There’s a lot of handwringing in the traditional media about the end of the Senate moderate, now that quasi-Democrats Kyrsten Sinema and Joe Manchin, along with Republican Mitt Romney, have called it quits. Axios calls it “a series of crushing blows to Senate bipartisanship, hollowing out a centrist core that has suffered under years of intensifying polarization.” Politico laments that “The filibuster is in big trouble” with “two of its staunchest defenders” leaving. Good riddance.
Between Sinema and Manchin, all hope of the nation having nice
things during the first two years of President Biden’s term (when
Democrats held a majority in both the House and Senate) was crushed.
They blocked or watered down all the good, transformative policies Biden
and fellow Democrats proposed for the country. Now the two biggest impediments to actual progress will be gone—if the Democrats keep the Senate.

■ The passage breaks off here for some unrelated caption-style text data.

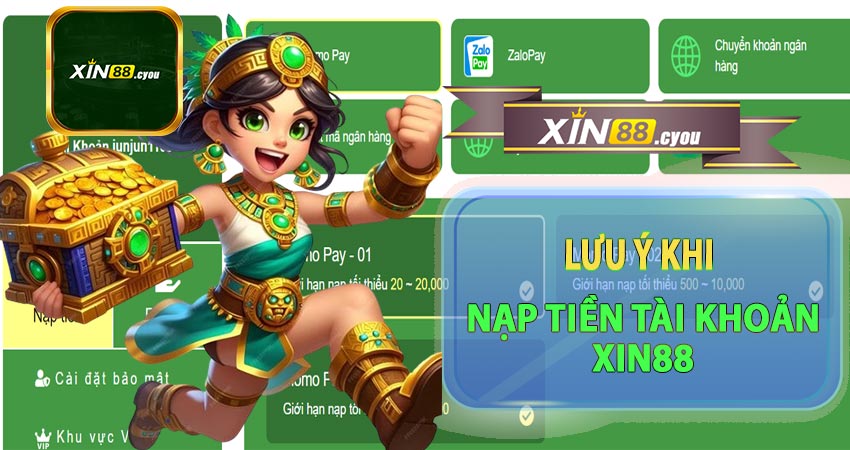 Lưu ý khi thực hiện nạp tiền tài khoản xin88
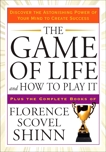 The Game of Life and How to Play It, Shinn, Florence Scovel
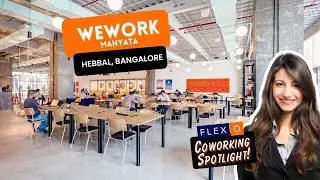 Discover WeWork at Manyata Tech Park, Hebbal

Democratic majority unimpeded by the dysfunctional duo means that progress can finally happen. Democrats can restore and expand the Voting Rights Act (which Manchin and Sinema ultimately blocked). They can restore abortion rights, which the supposedly pro-choice Sinema blocked when Biden urged a filibuster carve-out for it. Democrats can raise the minimum wage and make massively wealthy private equity and hedge fund executives pay their damn taxes. Democrats’ vision for environmental justice can be realized. Comprehensive immigration reform would be that much more possible. A Democratic majority without Manchin and Sinema could even reform the Supreme Court.